Alright, let's talk about the Ball State Cardinals.
Even though we don't have current year game film on Ball State we can make some educated guesses on how they will play – and how Tennessee might attack them – based on their history and returning production. The Cardinals have continuity across their coaching staff. They are coached by Mike Neu, who played at the school and is now in his seventh year as head coach. Offensive coordinator Kevin Lynch has been at Ball State since 2016 and has been the OC since 2020. Tyler Stockton coordinates the defense, which he has been doing in at least a shared capacity since 2019. They bring back a bunch of experience, particularly at running back and across the offensive line. I think with this information we can feel reasonably confident that, from a schematic standpoint, they should look similar to what we saw from them a season ago.
Tennessee Offense vs. Ball State Defense
The Tennessee offense is practically the most exciting thing in college football right now, which feels amazing to say so recently removed from the 2020 season. I think the Vols will be able to move the ball at will tonight. Here are a couple of main areas that I will be paying close attention to, because I think they might apply to the rest of the season.
-Is the timing between Quarterback and Wide Receiver ahead of where it was at this time last season?
I've said before on Twitter that in my opinion, the ability to play man to man, single-high safety coverage is important to stopping the Tennessee offense. I could probably fill a separate newsletter with reasons why I think that way. In the games that I watched from last season, Ball State was not particularly good at playing this coverage. They seemed to show a trend of bringing pressure in third down situations, playing man behind it from very soft cushions – although I didn't have full game copies so I can't say for certain. This led to relatively easy conversions for opposing offenses. Being soft in man coverage probably won't work out too well against Tennessee's physically imposing outside wide receivers.
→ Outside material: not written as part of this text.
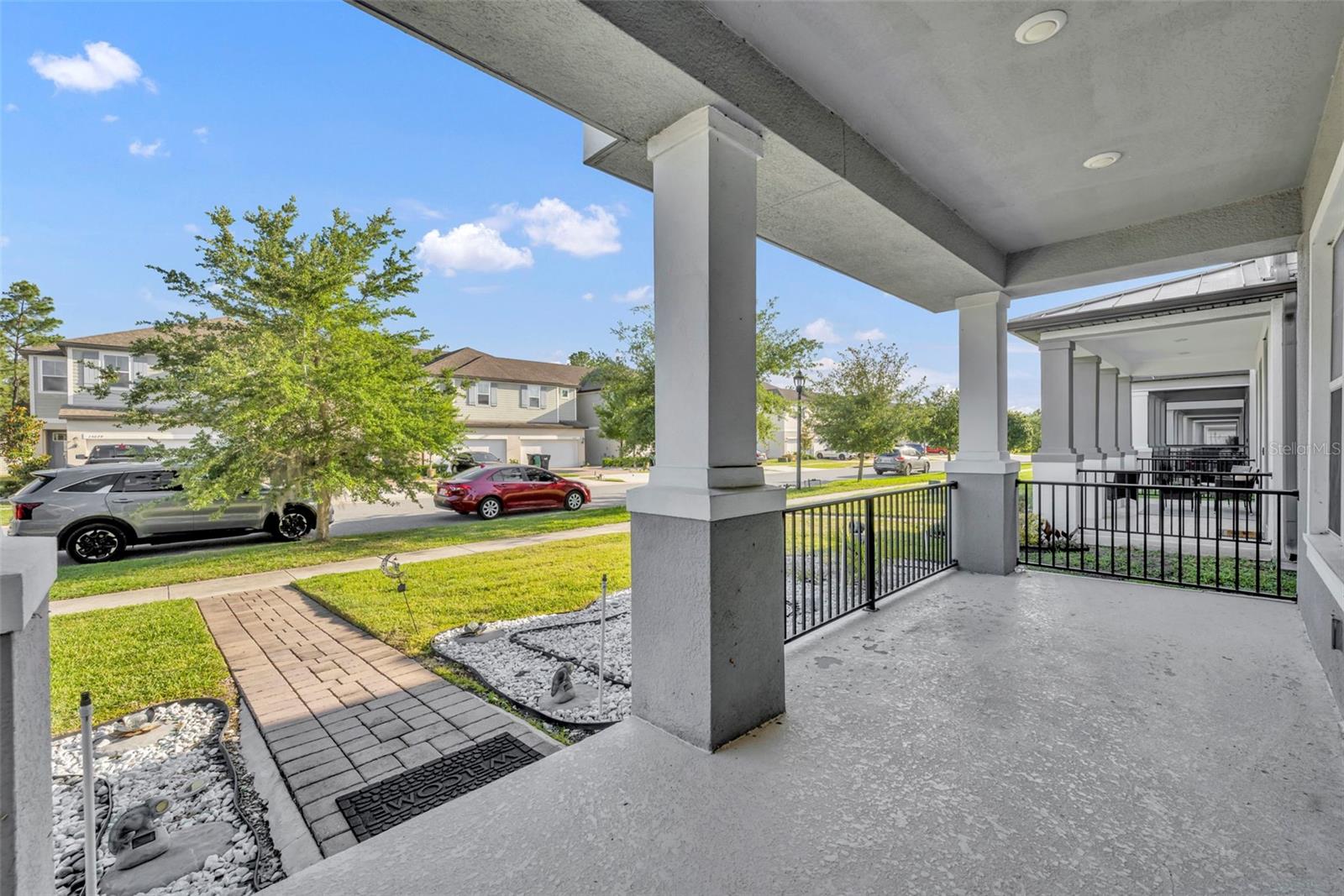 Image 5 of 33 For 15078 Willow Arbor Circle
The Vols should have plenty of opportunity to connect through the air in man coverage situations.
At this time last year the Vols were breaking in a new offense, and Joe Milton had won the quarterback competition through camp. The result was some hiccups in the opener – a 14-6 halftime lead on Bowling Green – and some huge missed opportunities against Pitt. The Vols should be much more polished in the passing game tonight hitting receivers in stride for big gains.
-Is this the [insert slot receiver here] breakout game?
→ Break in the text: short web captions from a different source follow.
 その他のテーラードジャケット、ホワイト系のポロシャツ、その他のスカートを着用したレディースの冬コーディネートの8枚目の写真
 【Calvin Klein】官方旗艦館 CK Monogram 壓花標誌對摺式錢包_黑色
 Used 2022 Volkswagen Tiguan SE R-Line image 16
I really think that it is. We've heard through fall camp that Jalin Hyatt has looked significantly better and is playing with more enthusiasm than he did last season. Jimmy Calloway has had an opportunity to show more consistency. And, it seemed like newcomer Squirrel White was being mentioned by coaches at every possible opportunity. These guys should have a chance to exploit Ball State's defensive alignment.
The Cardinals look to me like a 3-4 front that plays field/boundary rules. This means that they have a "bench" backer, an outside linebacker that always aligns to the short side of the field. Opposite this linebacker is a player that is built more like, and functions more like, a nickel than an outside linebacker. These players are typically force defenders, tasked with keeping the play on their inside shoulder. As a result, when they expand to cover wide receivers they do so from an "apex" alignment, splitting the difference between the receiver and the end man on the line of scrimmage.
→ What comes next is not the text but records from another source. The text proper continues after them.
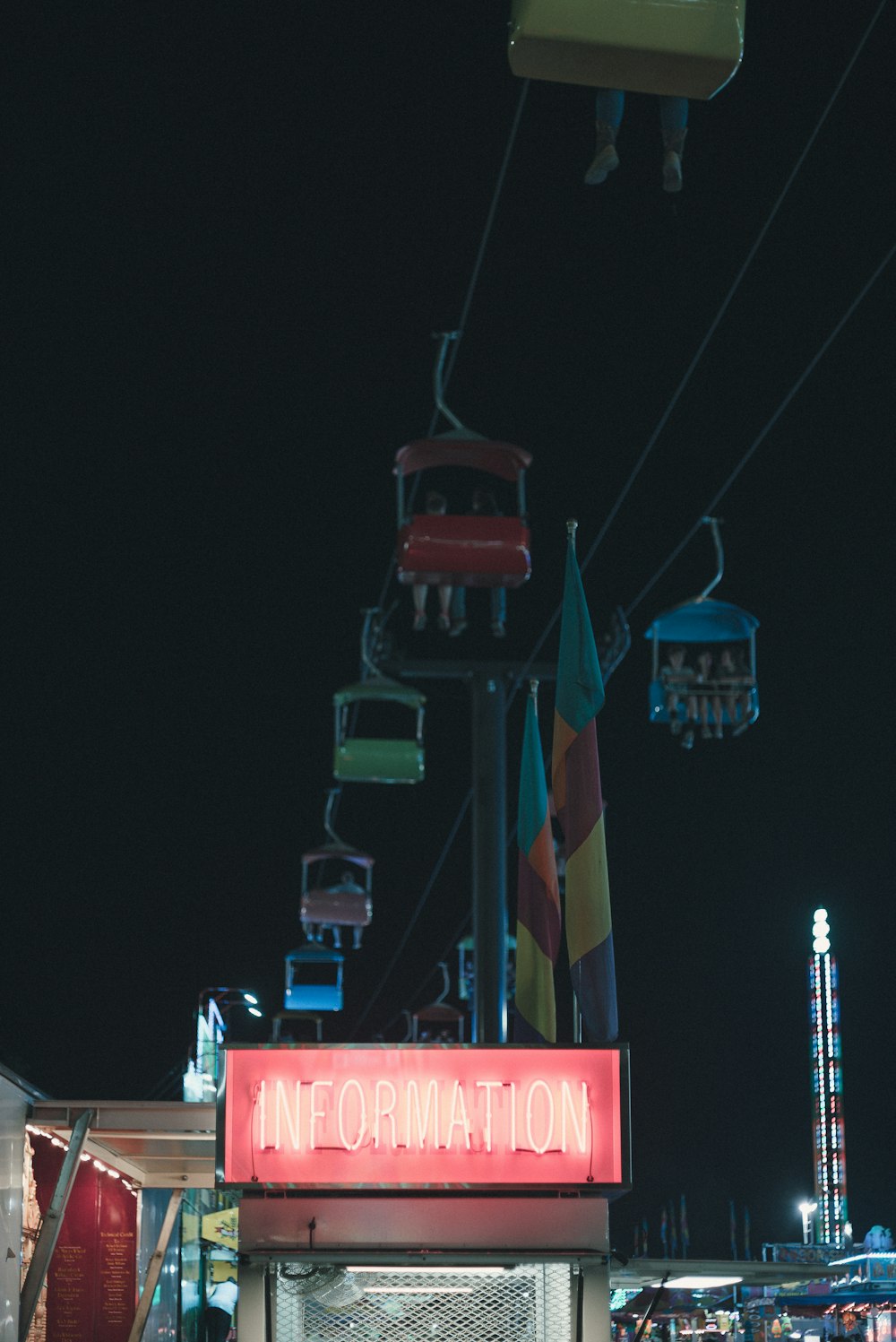 夜間遊園地のケーブルカーのローアングル撮影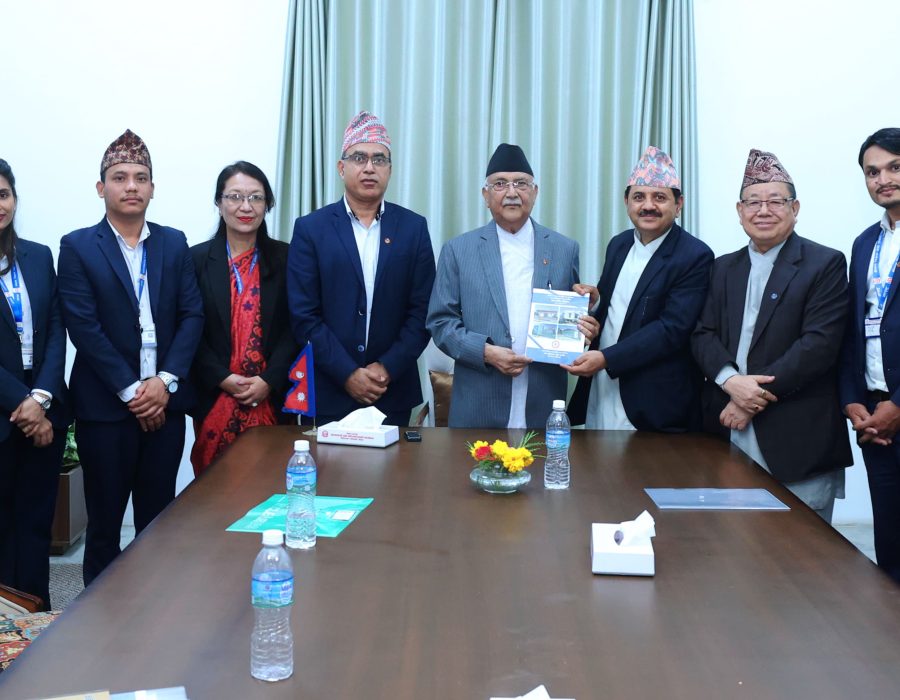प्रधानमन्त्रीसमक्ष नाष्टको सेवा आयोगको प्रतिवेदन पेस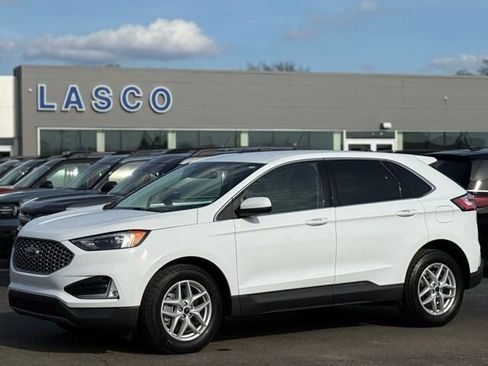 Used 2023 Ford Edge SEL w/ Convenience Package image 1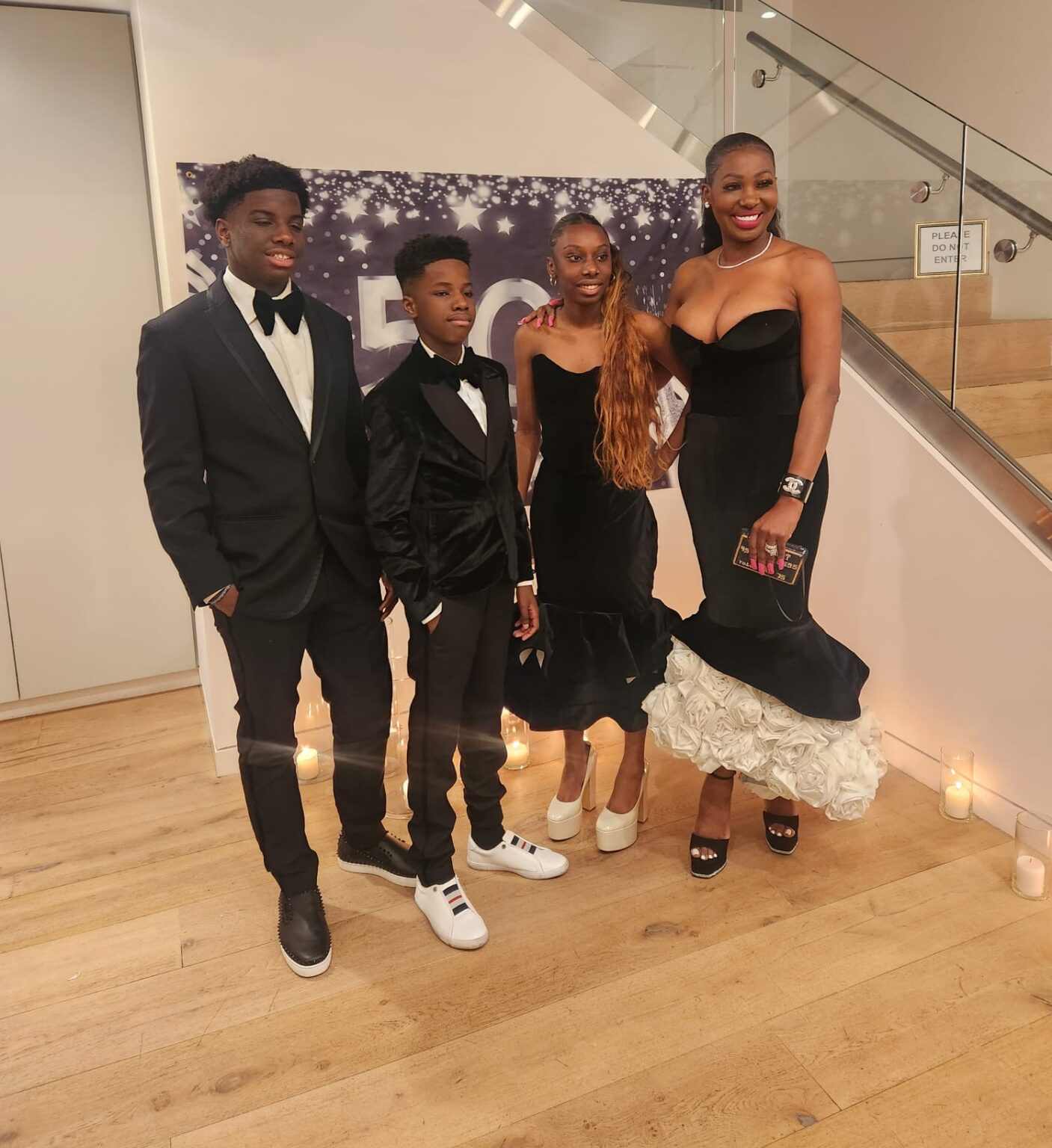 d73e2012-5148-44f5-b378-4f8ae5f1195d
Two safeties are usually aligned behind these force defenders providing coverage support. In my opinion these safeties tended to play a little lower than normal for the Cardinals last season. Ten to twelve yards deep is typical, but often Cardinal safeties were within ten yards of the line of scrimmage. This is probably opponent dependent, but still something that stood out.
For Tennessee's slot receivers this should all add up to free releases off of the line of scrimmage, space to run, and matchups on safeties – who are usually not as strong as corners in their coverage ability. The width that the Vols use offensively should further stress the Cardinals defensive alignment. My expectation is that hitches and slants/glance routes will be wide open on RPO plays, and the speed Tennessee has at the slot will be able to blow by safeties when they want to take a shot downfield. Can these players make big plays tonight when the ball comes their way? I think they can, which is why I sent out this tweet last night referring to Squirrel White.
Tennessee is without question the much more athletic and talented team. Tonight that should be enough on its own for a win. But, they'll have to be disciplined against Ball State in order to make that win a proper blowout. Athlon's college football preview magazine offers snippets from opposing coaches in their team previews. An opposing MAC coach notes how well-coached Ball State is offensively, and how they use shifts and motions to get their best players in space. After watching Ball State play I would certainly agree with that brief summary.
-How will Tennessee use Byron Young?
One aspect of tonight that I'm very curious about is how the Vols will rush the passer tonight, especially with edge rusher Byron Young. Young was a force last season and is primed for a breakout year this year. Earlier this week on "Vol Calls" defensive coordinator Tim Banks was asked specifically about his unit improving on third downs. He gave a detailed response, and noted the need "for being able to have the right blitz patterns in place to give those guys a chance to come free." Without the privilege of being inside the program over the summer and through fall camp it's impossible to say what this looks like exactly. However, my hope is that this means more Creepers and more Young off the edge.
Creepers are loosely defined, but essentially they are four-man pressures where a second or third level defender rushes, and a first level defender drops off into coverage. Some may argue that, because only four players are rushing it's not technically a pressure. The point is that the defense is trying to bring a defender from the second level that the offense is not expecting, and therefore not accounting for. This allows the defense to effectively rush the quarterback while still using seven players in coverage. I didn't see a ton of this from Tennessee last year, but I'm curious if it was part of an effort to improve the pass rush.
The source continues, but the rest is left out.